Released in 1981. Maniac is one of the most well known horror films of all time. The bloody slasher occupies an odd space since it never became a franchise, doesn’t have an iconic villain, yet is still considered a cult classic. While it still has its share of graphic murders, the film also attempts to look more inside the mind of its titular killer. Pretty heady stuff for an early 80s horror movie.
Maniac is primarily known for two reasons. With credits including Dawn of the Dead, Friday the 13th, and Creepshow, Tom Savini is a special effects master whose works have been featured in some of the most well known horror films of all time. One of his most well known and infamous scenes is a brutal shotgun killing in Maniac. The moment is bloody, violent, and will even shock modern audiences. It is one of Savini’s finest moments. (Savini also played the victim in the scene, showing true dedication.)
There is more to Maniac’s special effects that just one infamous scene, however. The movie is an absolute gore fest in which Savini’s skills take a much more realistic look that his work with zombies and unkillable killing machines. Savini would still be considered a legend if he never worked on Maniac, but the low budget film does show his versatility.
Maniac is also remembered for the Academy Award nominated song of the same name. The Michael Sembello penned tune is one of the most memorable parts of the iconic 1980s movie, Flashdance. Over the years, many have stated the song was originally written for the 1980 horror film.
A Limited Edition 3 Disc collection of Maniac was recently released by Blue Underground.

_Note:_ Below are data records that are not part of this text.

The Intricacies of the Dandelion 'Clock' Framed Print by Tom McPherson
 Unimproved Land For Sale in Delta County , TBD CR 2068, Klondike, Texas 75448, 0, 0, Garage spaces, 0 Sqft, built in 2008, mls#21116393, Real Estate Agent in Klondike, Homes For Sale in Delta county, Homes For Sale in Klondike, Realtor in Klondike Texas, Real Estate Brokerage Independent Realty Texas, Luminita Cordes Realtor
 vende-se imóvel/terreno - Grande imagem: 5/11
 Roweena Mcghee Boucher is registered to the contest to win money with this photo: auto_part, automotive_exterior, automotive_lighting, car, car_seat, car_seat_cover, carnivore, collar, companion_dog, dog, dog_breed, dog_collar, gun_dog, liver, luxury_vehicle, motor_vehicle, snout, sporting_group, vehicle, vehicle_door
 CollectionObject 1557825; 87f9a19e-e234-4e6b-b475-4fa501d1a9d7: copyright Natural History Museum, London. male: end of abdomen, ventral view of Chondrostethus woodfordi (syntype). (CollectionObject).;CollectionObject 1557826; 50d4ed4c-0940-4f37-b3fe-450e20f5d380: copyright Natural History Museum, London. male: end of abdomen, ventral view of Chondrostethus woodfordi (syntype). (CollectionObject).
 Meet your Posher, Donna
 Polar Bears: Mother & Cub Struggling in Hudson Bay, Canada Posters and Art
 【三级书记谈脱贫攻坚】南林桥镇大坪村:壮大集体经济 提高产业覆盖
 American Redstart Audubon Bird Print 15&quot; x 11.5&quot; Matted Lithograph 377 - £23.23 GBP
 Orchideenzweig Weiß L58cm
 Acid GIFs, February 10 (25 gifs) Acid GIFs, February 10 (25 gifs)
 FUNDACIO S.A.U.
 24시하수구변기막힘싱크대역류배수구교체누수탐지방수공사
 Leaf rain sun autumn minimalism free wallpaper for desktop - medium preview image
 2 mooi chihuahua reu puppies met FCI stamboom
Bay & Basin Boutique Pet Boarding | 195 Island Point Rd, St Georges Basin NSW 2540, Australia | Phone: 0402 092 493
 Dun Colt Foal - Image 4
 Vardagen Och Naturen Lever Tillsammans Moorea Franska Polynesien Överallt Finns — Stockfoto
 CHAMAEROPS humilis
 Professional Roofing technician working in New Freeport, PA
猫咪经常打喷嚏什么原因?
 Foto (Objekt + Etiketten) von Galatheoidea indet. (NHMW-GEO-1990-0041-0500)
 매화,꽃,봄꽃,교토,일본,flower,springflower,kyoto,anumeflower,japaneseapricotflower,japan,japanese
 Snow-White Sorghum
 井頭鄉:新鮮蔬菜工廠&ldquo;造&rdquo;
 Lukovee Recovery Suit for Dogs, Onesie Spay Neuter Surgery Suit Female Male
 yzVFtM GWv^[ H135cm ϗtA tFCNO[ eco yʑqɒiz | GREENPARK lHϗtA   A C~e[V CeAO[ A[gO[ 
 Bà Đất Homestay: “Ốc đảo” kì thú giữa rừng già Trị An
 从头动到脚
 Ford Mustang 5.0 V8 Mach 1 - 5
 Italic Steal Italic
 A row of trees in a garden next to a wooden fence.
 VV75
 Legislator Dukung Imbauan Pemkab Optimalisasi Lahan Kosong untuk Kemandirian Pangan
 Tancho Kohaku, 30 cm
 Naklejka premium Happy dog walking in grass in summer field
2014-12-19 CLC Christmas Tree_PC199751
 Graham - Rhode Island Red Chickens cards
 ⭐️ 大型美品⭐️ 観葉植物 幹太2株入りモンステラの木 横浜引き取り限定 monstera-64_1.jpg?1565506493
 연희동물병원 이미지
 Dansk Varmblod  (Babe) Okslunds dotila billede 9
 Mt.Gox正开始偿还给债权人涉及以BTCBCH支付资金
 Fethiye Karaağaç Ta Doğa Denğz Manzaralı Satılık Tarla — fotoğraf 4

The set includes interviews with many people who were instrumental in the production of the movie. Sembello is one of the many interviewed and addresses the subject of why he wrote the song. It turns out he did it write the song for the movie, though he was was inspired after watching it.
Maniac is closer to a giallo than a traditional horror film. Instead of highlighting creative kills, it is more of a character study of a killer. Similar to the Italian sub genre, the film almost plays out like a grisly detective story. Whereas other horror movies of the time paid lip service to providing motivation to their killers, Maniac attempted to get its audience to know its villain.
Maniac is much different from a traditional giallo, however. The Italian horror films mastered by the likes of Dario Argento and Mario Bava are known for their lush colors and vibrant use of imagery. Maniac is the opposite. Taking place in Manhattan, Maniac is a dark and gritty movie. It revels in the shadows and seems to absorb color. The look matches its atmosphere and tone.
Another thing Maniac does differently is the focus is solely on the killer. It can even be argued the movie has no hero. There is a killer, there are victims, and there are the police. There are definitely some similarities to giallos (the killer is the product of an abusive childhood, for example), but the differences set it apart.
What prevents Maniac from being more of a mainstream classic is the pacing. Spending so much time with the killer is different and somewhat interesting but it also can be dark and tedious. Maniac is a classic example of something being a good idea in theory ruined by poor execution. (No pun intended.)
The highlight of Maniac may be the performance of Joe Spinell. Spinell plays Frank Zito, a seemingly normal person. Despite the fact he was abused by his prostitute mother, Spinell never plays Zito to get any sort of sympathy. Zito is the maniac of the film’s title, pure and simple. He would never garner a second glance yet is expertly portrayed as the embodiment of evil.
Maniac deservedly holds a special place in horror history. The movie is well known among horror aficionados due to its great special effects and its unique take on the genre. Film fans will know it for the infamous shotgun murder and Flashdance misinformation. Others may know it through the 2012 Elijah Wood remake starring Elijah Wood. Fitting for a movie that can only be truly enjoyed by genre fans.